Conservative MP Scott Reid may want to avoid talking politics while on the family barbecue circuit this summer.
The current head of the Giant Tiger discount store empire founded by Reid's father, Gordon, is calling on the government to scrap its proposal to revamp Canada's trademark laws.
In a May 22 letter to Finance Minister Joe Oliver, Giant Tiger CEO Andy Gross warned that removing the requirement that trademarks actually be in use to be registered could result in "tens of thousands" of applications filed "for enormous lists of goods and services, almost overnight."
He also pointed out that the government's proposal "includes no limits on the rights of registrants," which could let these "over-broad registrations" block new applications and "threaten infringement."
"The situation is akin to the early days of domain names," Gross noted, "with the same potential for pirates and profiteering."
The younger Reid, the MP for Lanark-Frontenac-Lennox and Addington, Ont., "no longer [has] a significant interest in Giant Tiger Stores Ltd.," according to his filing with the ethics commissioner last fall.
Changes would hurt small business: CEO
Gross predicted the changes "will particularly prejudice small and medium businesses that have not yet had the chance to devote valuable start-up resources to trademark protection."
His proposed solution: the immediate removal of all trademark provisions from the spring budget bill "pending further study," followed by the formation of a special committee to look into "modernization" of the existing law. He suggests that committee include representatives from industry, government, the legal professional and "expert practitioners."
"Only with true collaboration, which regrettably has not occurred to date, can such important legislation be crafted to best suit the needs of Canadian businesses both now and in the future."
The NDP provided a copy of the letter to CBC News.
The proposed amendments to the current Trademarks Act are included in the spring omnibudget bill, which is currently undergoing clause-by-clause review by the House finance committee.
While Reid filed the notice of material change last fall with the ethics commissioner to say his interest in the store is no longer significant, his most recent public declaration of assets, filed a year earlier, still lists him as a director of the company.

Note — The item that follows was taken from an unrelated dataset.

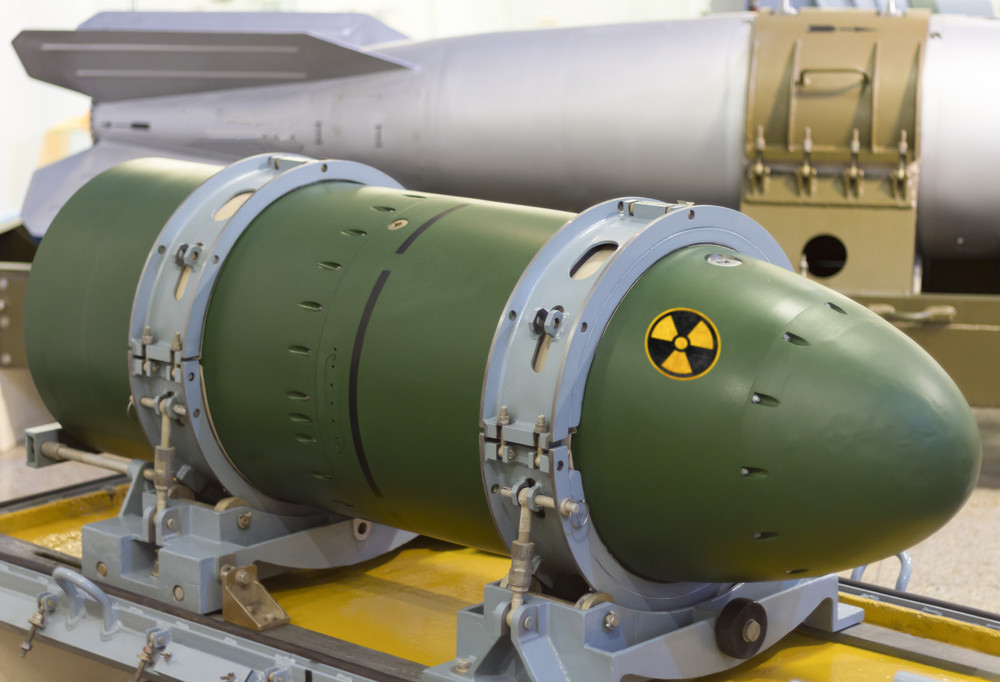 nuclear warhead on stand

The public declaration of assets says he expected to receive "employment and dividends income" over the twelve months following its filing date, November, 2012.

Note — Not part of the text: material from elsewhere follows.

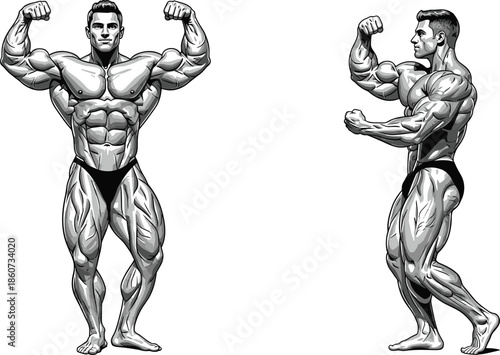 Muscular man in black briefs flexing on white background bodybuilder muscles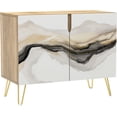 thumbnail image 3 of PixonSign Sideboard Buffet Cabinet, Kitchen Storage Cabinet with 2 Doors, Gold White Geometric Mountain, Cupboard Console Table for Dining Room - 35" L x 18" W x 29" H, 3 of 5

Gordon Reid stepped down as CEO in 2010, but remains chairman of the board of Giant Tiger.
Letter inspires NDP question
NDP finance critic Nathan Cullen brought up the letter during question period on Tuesday.
After Industry Minister James Moore dismissed similar concerns outlined by the Canadian Bar Association, Cullen asked if he would "at least listen to his Conservative colleagues."
Moore, however, maintained that the changes would help small and medium-sized businesses by ensuring that patents registered in Canada would be recognized around the world.
Shortly after question period wrapped up, Reid rose on a point of order to set the record straight — first, on the name of his riding, which, he told the House, is Lanark-Frontenac-Lennox and Addington, not Lanark Carleton, as suggested by Cullen.
As for his corporate affiliation, Reid noted that he sits on the board of "Giant Tiger," and not "Giant Target," as Cullen had misstated in his opening preamble.
"If he wants to take out a trademark in the name of Giant Target, I think it's available," Reid joked.
While he was happy to accept Reid's clarification, Cullen did feel obliged to issue a correction of his own, noting that he's no longer the NDP house leader, the title by which Moore referred to him, but the finance critic.